Sophie Hunter: English court dismisses EIA challenge in relation to a major ferry terminal
Sophie Hunter
Carson McDowell solicitor Sophie Hunter reviews a recent English court ruling with significance for developers of major infrastructure projects.
In R (on the application of Associated Petroleum Terminals (Immingham) Ltd and Humber Oil Terminals Trustee Ltd) v Secretary of State for Transport [2025] EWHC 1992 (Admin), the English High Court dismissed a judicial review of the Secretary of State for Transport’s decision to grant a Development Consent Order (DCO) for the construction of the new Immingham Eastern ‘Roll-on Roll-off’ Terminal (IERRT).
The Port of Immingham is situated on the Humber Estuary and is the UK’s largest port by tonnage, handling over 50 million tonnes of cargo every year.
A key ground in this case related to the Environmental Impact Assessment Regulations 2017 and the applicability of the Gateshead principle to the Development Consent Order decision-making.
EIA ground of challenge
The claimants argued that the decision to grant the DCO was in breach of the EIA Regulations 2017. It was contended that the developer had failed to undertake a satisfactory EIA, insofar as the assessment failed to consider the navigational safety risks associated with a hypothetical large vessel using the IERRT.
The claimants argued that the Secretary of State had failed to properly consider the potential environmental implications of a large vessel using the IERRT and, in particular, failed to consider the environmental impacts of such a vessel colliding with the neighbouring oil terminal, operated by the claimant.
Throughout the preparation of the environmental statement, the developer used computer-generated simulations to assess the safety of several different vessels navigating the port. However, it was argued that the environmental statement was defective in that it failed to assess the navigability of a hypothetical design vessel (DV), namely the largest vessel that could theoretically use the IERRT given the 240-metre length of the IERRT’s berth.
The Secretary of State determined that she could not assess whether the design vessel could safely use the IERRT as a vessel of the DV size does not currently exist in the real world, and the key navigational characteristics of the DV, such as its propulsion and manoeuvrability, remain unknown.
Instead, the Secretary of State relied on the existing ‘river regime’, namely a set of controls and powers in place throughout the Humber Estuary and Port, including the Humber Harbour Master and the Dock Master, who would scrutinise the design vessel, if and when it was created. The claimant argued this approach was in breach of the EIA Regulations.
Held
The High Court dismissed the challenge, confirming that the environmental statement was adequate. The court emphasised that the assessment of adequacy falls on the decision-maker not the court, unless it is Wednesbury unreasonable.
The court reinforced that the environmental statement should incorporate information that is “reasonably required for reaching a reasoned conclusion on the environmental impacts of a development”. This means taking into account current knowledge and methodologies.
The court stated that an Environmental Statement will not be held to be inadequate simply because it does not include an assessment of a hypothetical issue, in this case, a design vessel (the largest vessel the development could theoretically accommodate) that has yet to be developed.

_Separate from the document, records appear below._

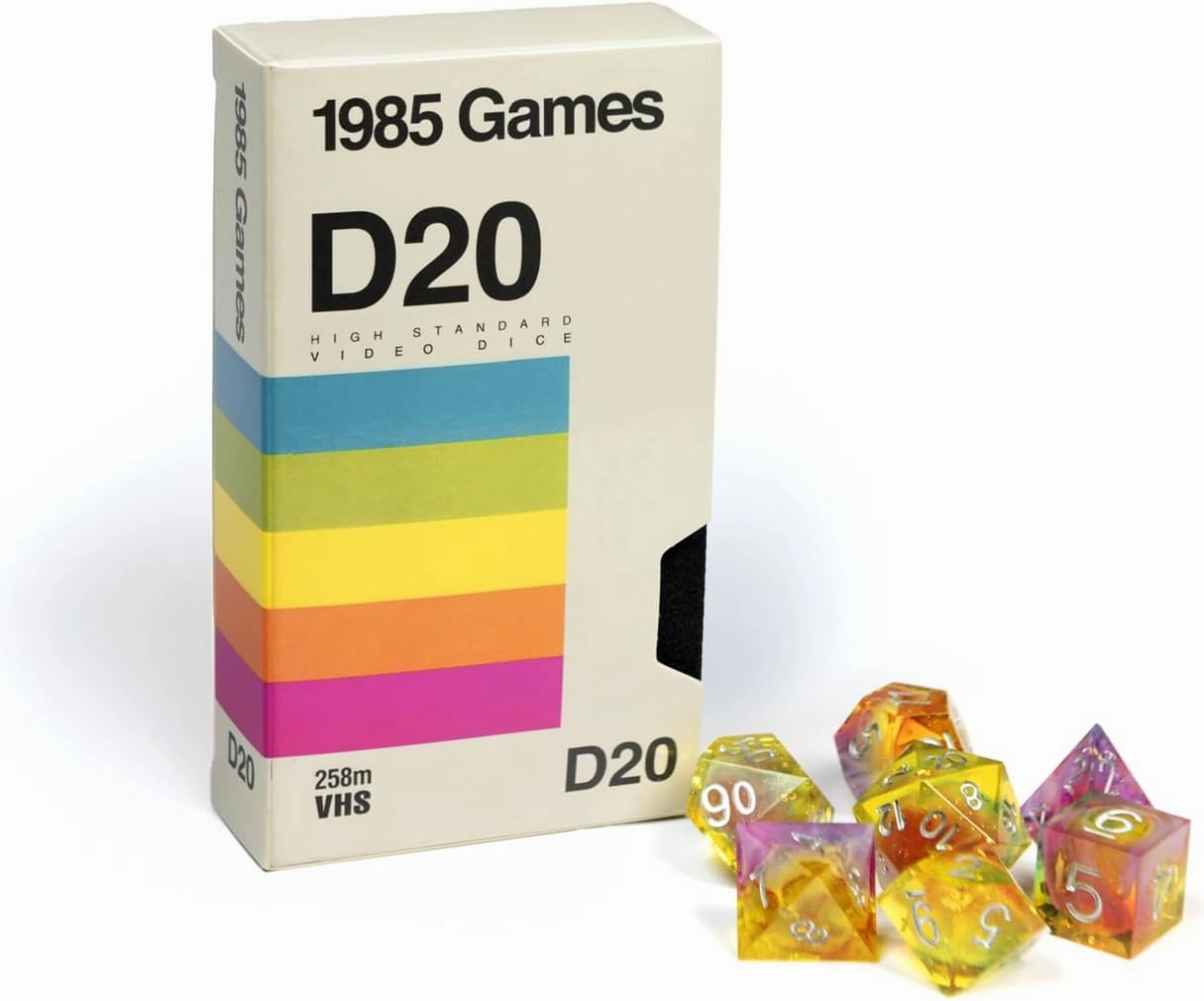 1985 Games VHS Rainbow Handmade Resin Sharp Edge DND Dice Set – 7 Dice for Roleplaying Games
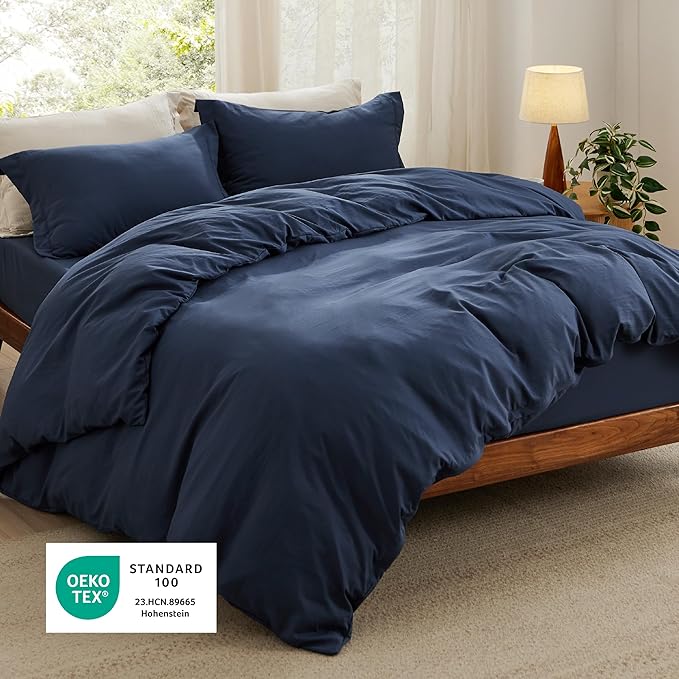 Bedsure Duvet Cover King Size with Fitted Sheet - 4 Pieces Prewashed Polyester Extra Soft Bedding Set, Includes 1 Duvet Cover 104x90 Inches with Zipper Closure, 2 Pillow Shams, 1 Fitted Sheet, Navy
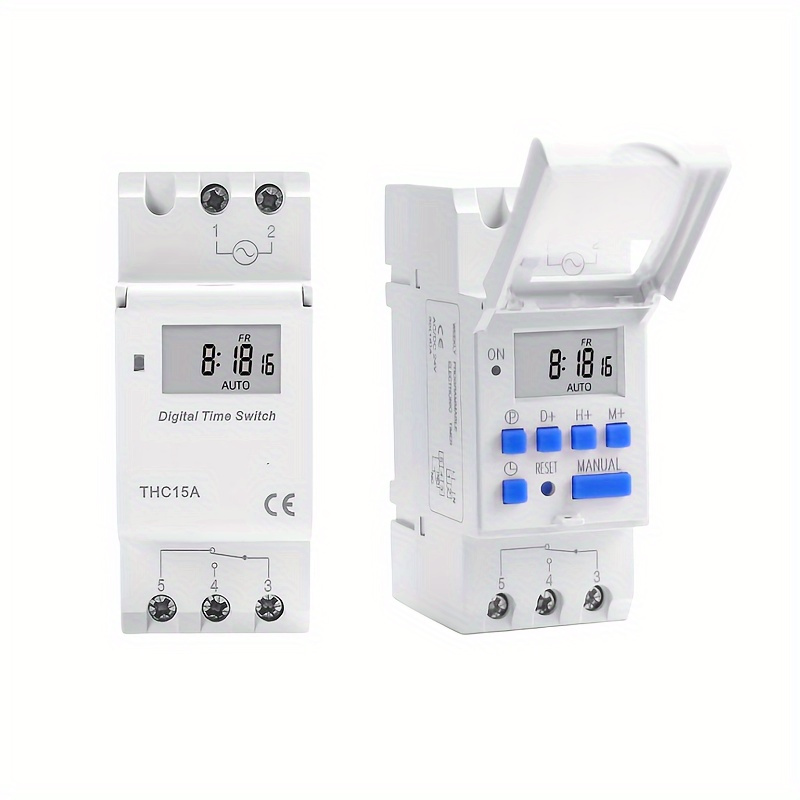 Timer Switch Thc15a Electronic Weekly 7days Programmable Digital Time  Switch Relay Timer Control Ac 220v 30a Din Rail Mount - Temu United Kingdom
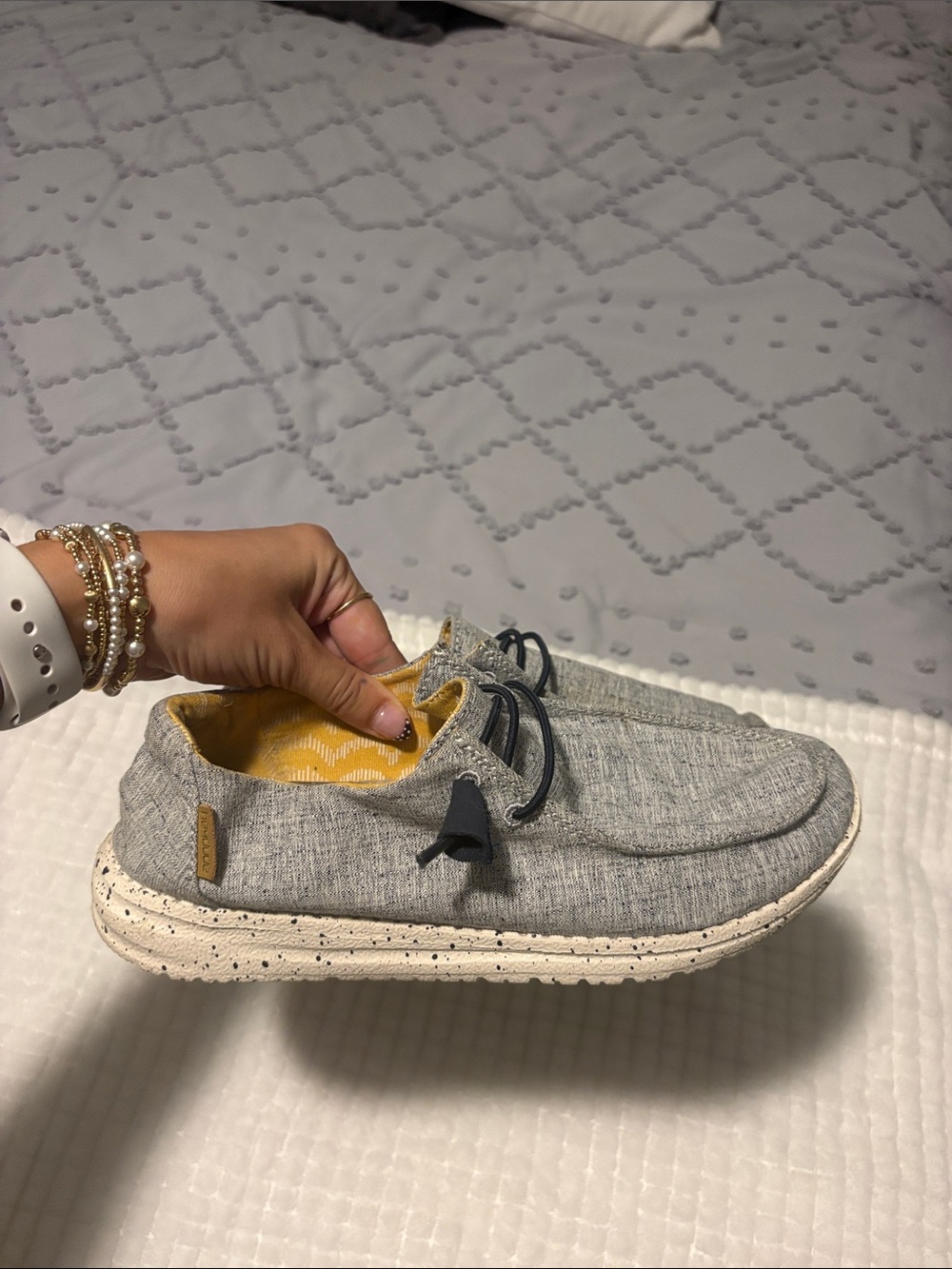 Hey Dude Grey navy Slip-On Loafer with Yellow Lining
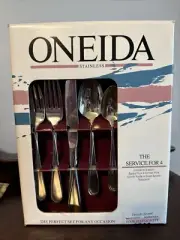 VNTG ONEIDA Danish Accent 20 Pc/Srvs 4 Stainless Flatware 2-865 X9737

This is particularly the case where the information needed to make a meaningful assessment is not available.
With regards to whether the Secretary of State could rely on the river regime to manage any navigational risks that the environmental statement could not, the judge referred to the case of Gateshead MBC v Secretary of State for the Environment [1995] Env. L.R 37. This case established the principle that a planning decision-maker, when assessing the nature and acceptability of a development’s impacts, is entitled to have regard to the competent operation of existing regulatory regimes that deals with those impacts.
In the case at hand, the judge endorsed the decision-maker’s reliance on the ‘river regime’ to manage any navigational risks that the environmental statement could not assess and held that this was appropriate.
Implications
This judgment is of interest to port developers as well as developers of regionally significant/major infrastructure projects and serves as a helpful reminder that the adequacy of an environmental statement is a matter for the decision maker, subject to Wednesbury unreasonableness.
It also confirms that an environmental statement will not be deemed to be inadequate where it has failed to consider a hypothetical scenario, in this case, a design vessel which is not yet in existence.

- Sophie Hunter is a solicitor in the planning and environmental law team at Carson McDowell.